* [TASK TO COMPLETE]: An exact copy of every record below is required, with the pictures left out.

* [DATASET CONTENT]:
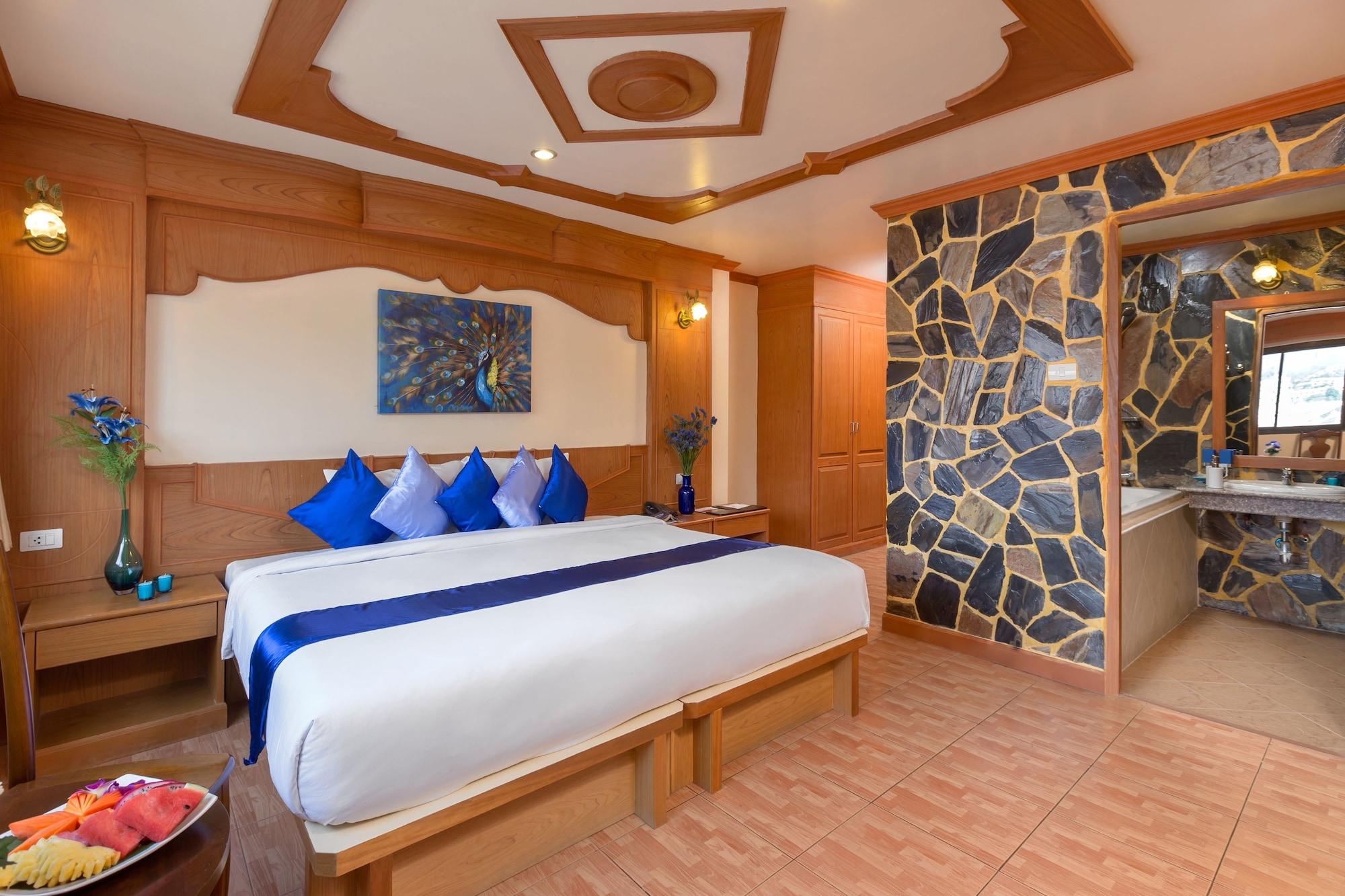 Tiger Hotel Patong Bagian luar foto
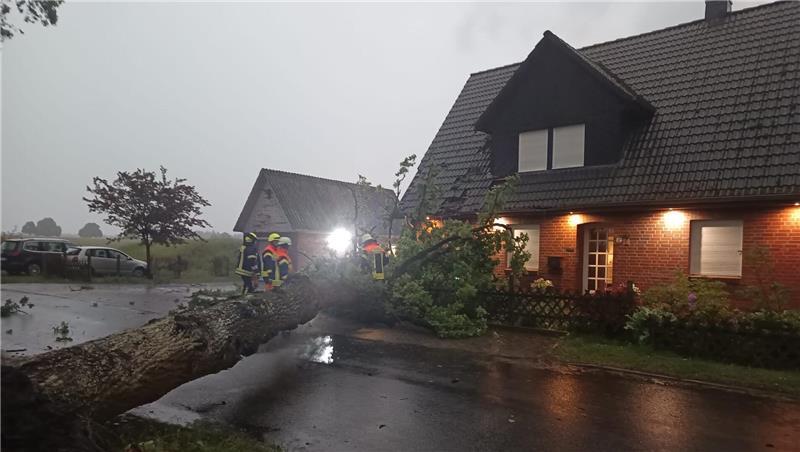 Unwetter zieht über den Kreis Stade – Blitzeinschlag in Bremervörde Auch im Kreis Rotenburg wurde die Feuerwehr zu wetterbedingten Einsätzen ausrücken.
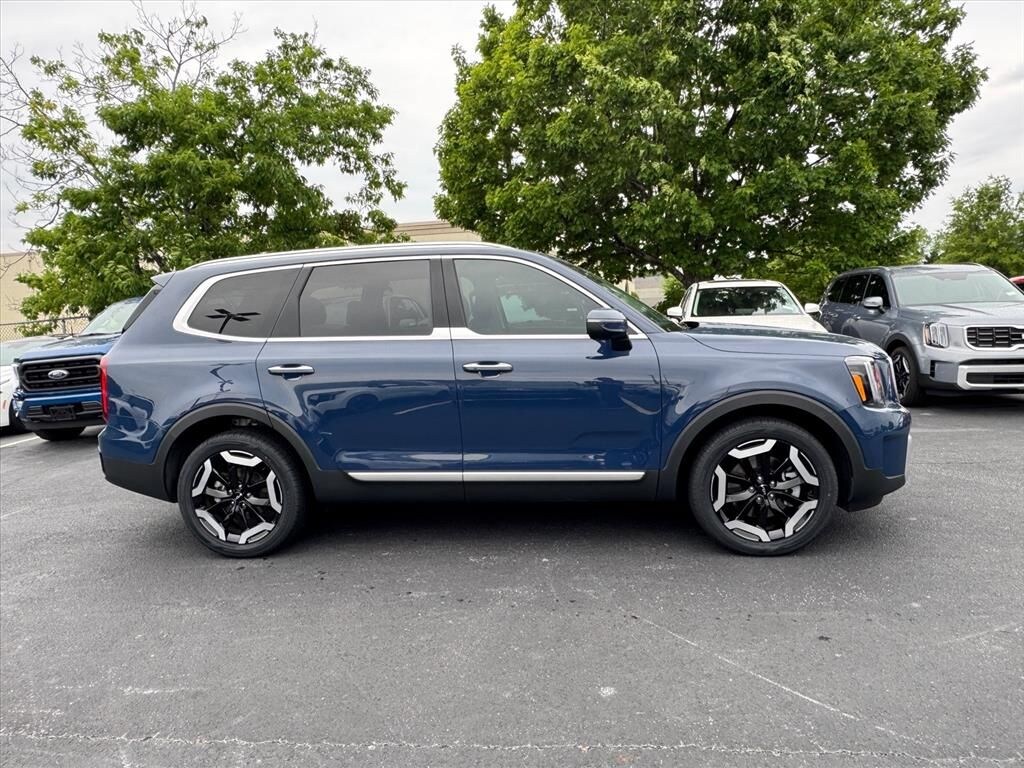 Certified 2024 Kia Telluride S SUV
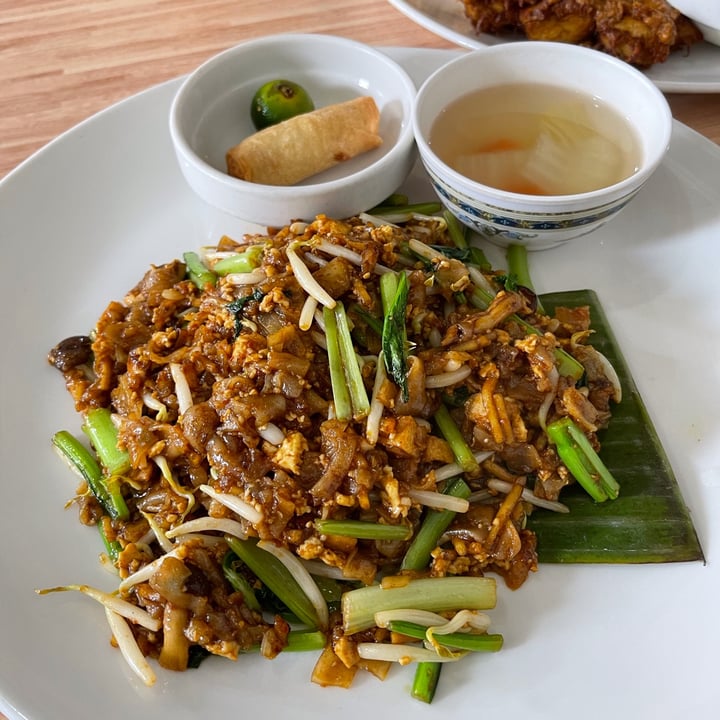 photo of Loving Hut Char Kway Teow shared by @mehmehrene on  02 May 2022 - review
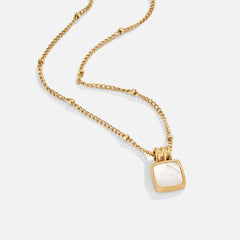 Collar con Colgante Lucia White Shell (40+5 cm) - Isabel de Sevilla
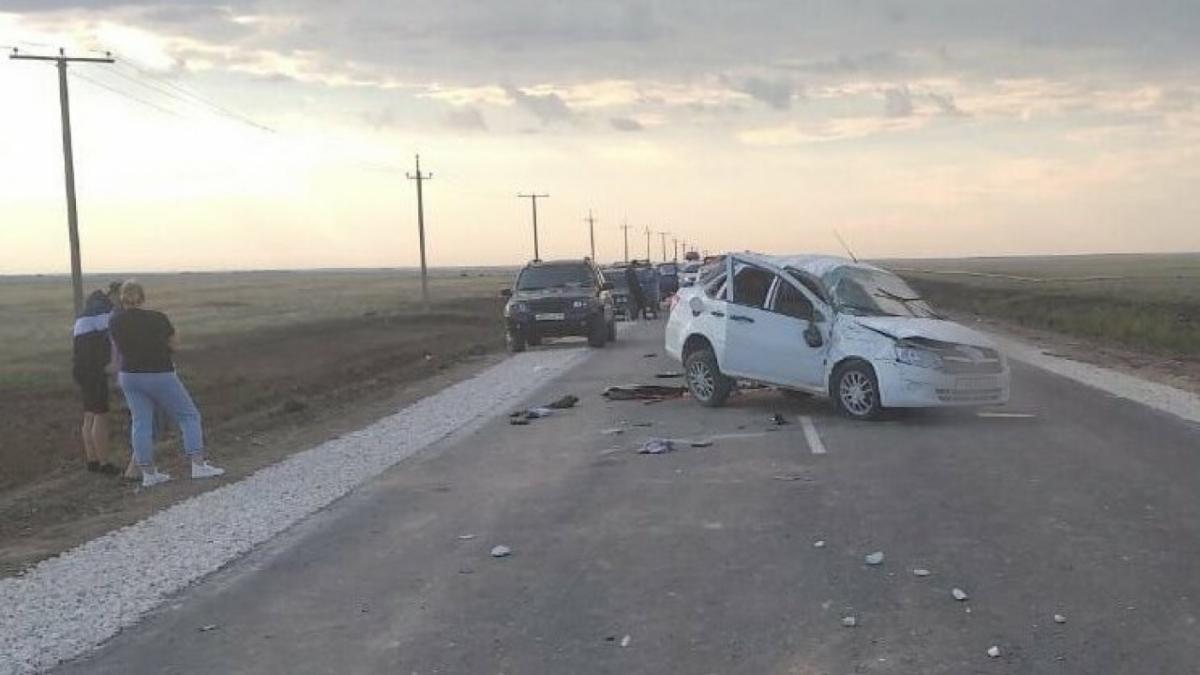 В Балаковском районе погиб водитель перевернувшейся «Лады Гранты»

* [ANSWER TO THE PROBLEM]:
 Tiger Hotel Patong Bagian luar foto
 Unwetter zieht über den Kreis Stade – Blitzeinschlag in Bremervörde Auch im Kreis Rotenburg wurde die Feuerwehr zu wetterbedingten Einsätzen ausrücken.
 Certified 2024 Kia Telluride S SUV
 photo of Loving Hut Char Kway Teow shared by @mehmehrene on  02 May 2022 - review
 Collar con Colgante Lucia White Shell (40+5 cm) - Isabel de Sevilla
 В Балаковском районе погиб водитель перевернувшейся «Лады Гранты»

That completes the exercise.